- Dataset records -
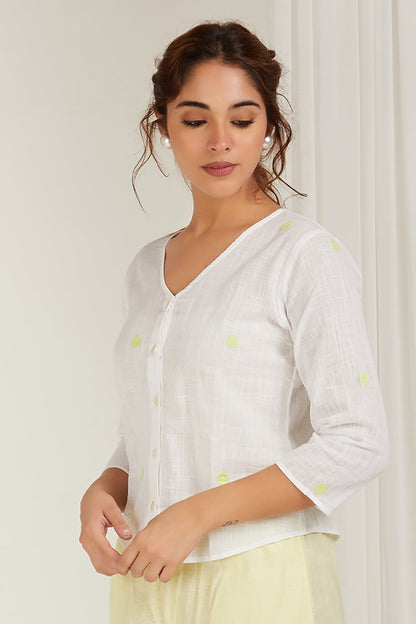 Polka Embroidered White Shirt - Cyan India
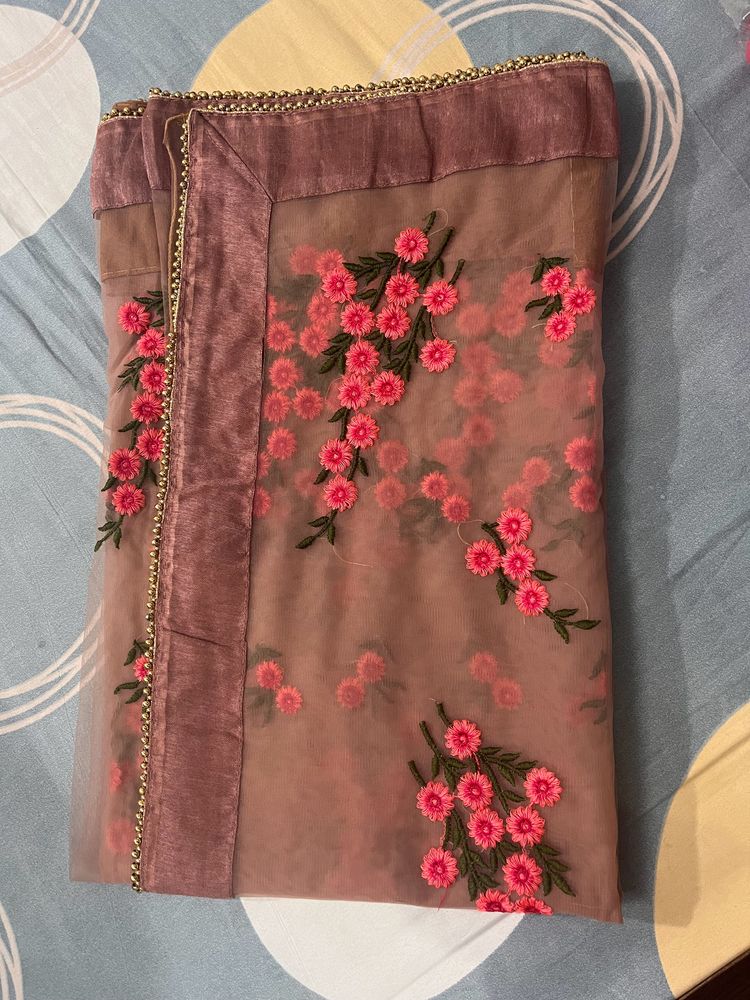 Patlani style embroidered net saree(Brown)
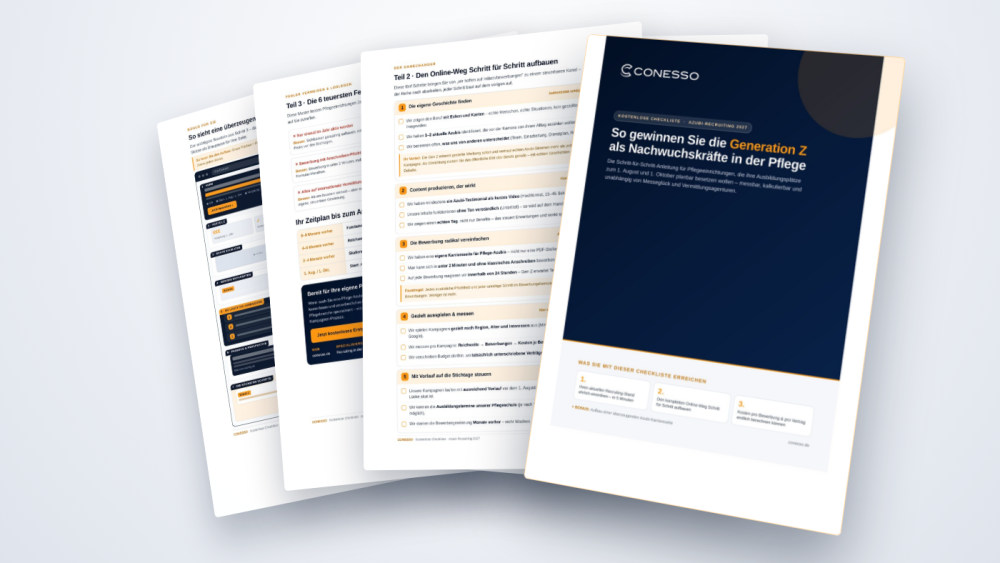 Wie du als Pflegeeinrichtung online neue Azubis gewinnst: die Schritt-für-Schritt-Checkliste für dein Recruiting bis zum Ausbildungsstart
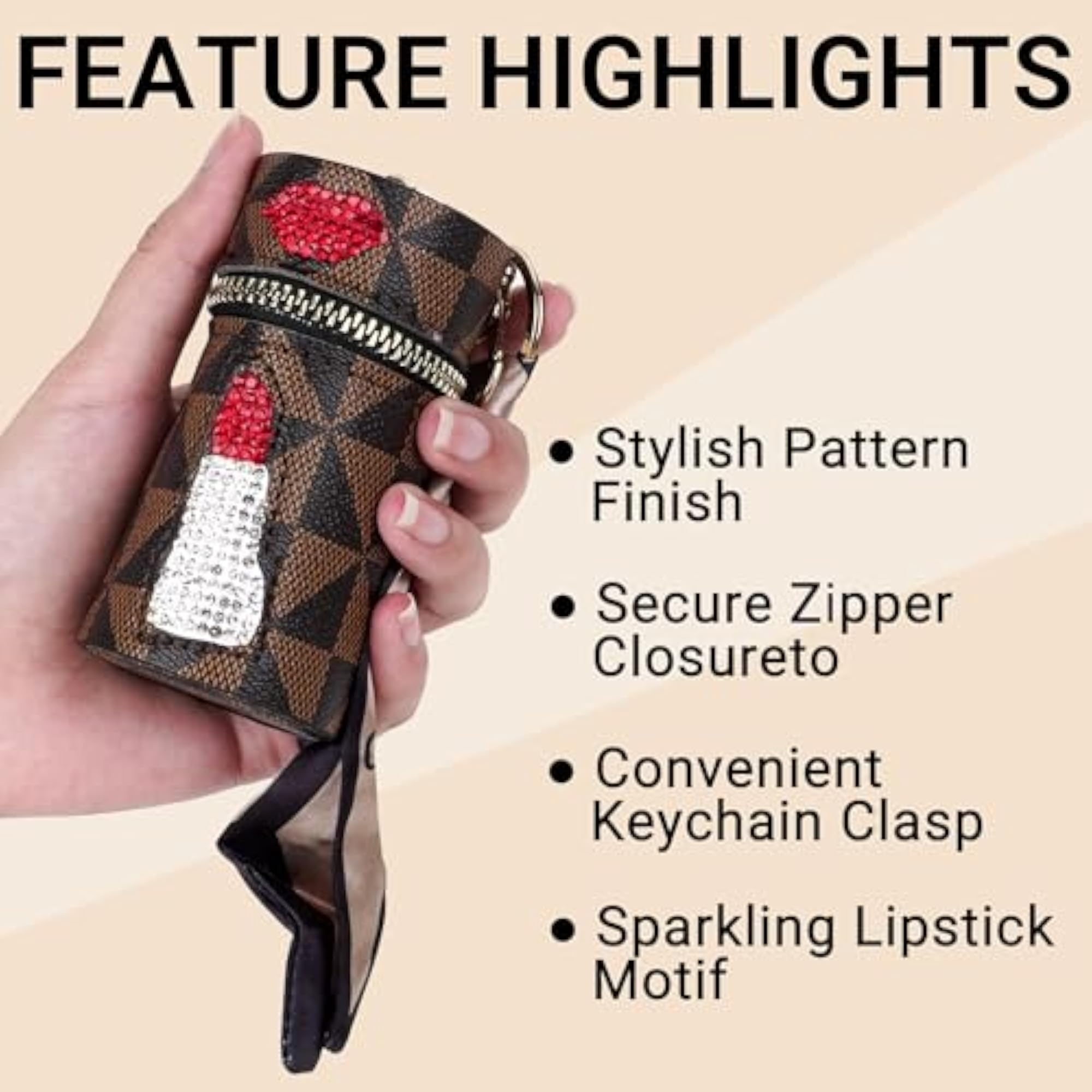 4 Pack Mini Lipstick Case, Vegan Leather Lip Balm Holder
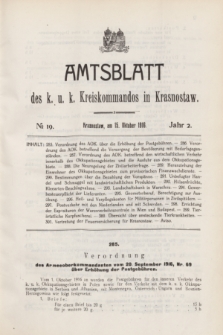 Amtsblatt des k. u. k. Kreiskommandos in Krasnostaw.Jg.2, № 19 (15 Oktober 1916)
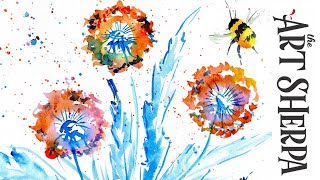 EASY DANDELION FLOWER AND BEE How to Paint Watercolor Step by step  The Art Sherpa [upl. by Hau243]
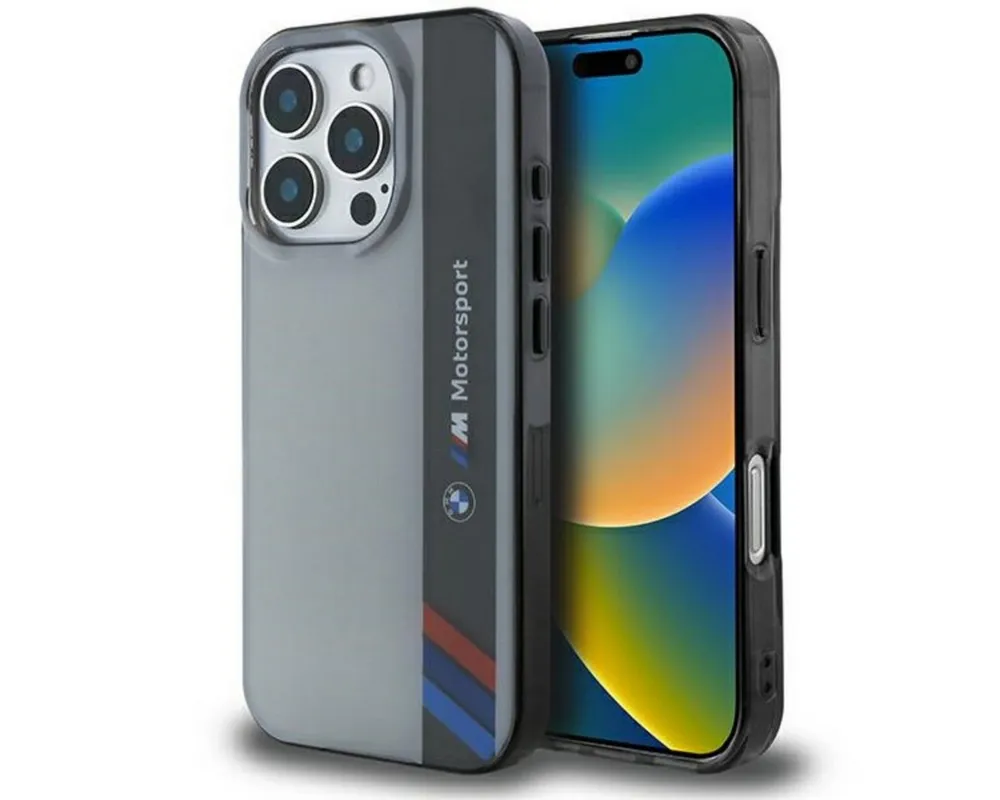 BMW Handyhülle Motorsport Vertica Magnetfunktion Kompatibel mit iPhone 16 Pro Grau 6,3, Sportliches IML Case mit vertikalem Motorsport Streifen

- Instructions for the task -
The line containing "4 Pack Mini" marks the end; please output exactly the lines of the listing above from its first line through that line, without pictures.

- Task solution -
 Polka Embroidered White Shirt - Cyan India
 Patlani style embroidered net saree(Brown)
 Wie du als Pflegeeinrichtung online neue Azubis gewinnst: die Schritt-für-Schritt-Checkliste für dein Recruiting bis zum Ausbildungsstart
 4 Pack Mini Lipstick Case, Vegan Leather Lip Balm Holder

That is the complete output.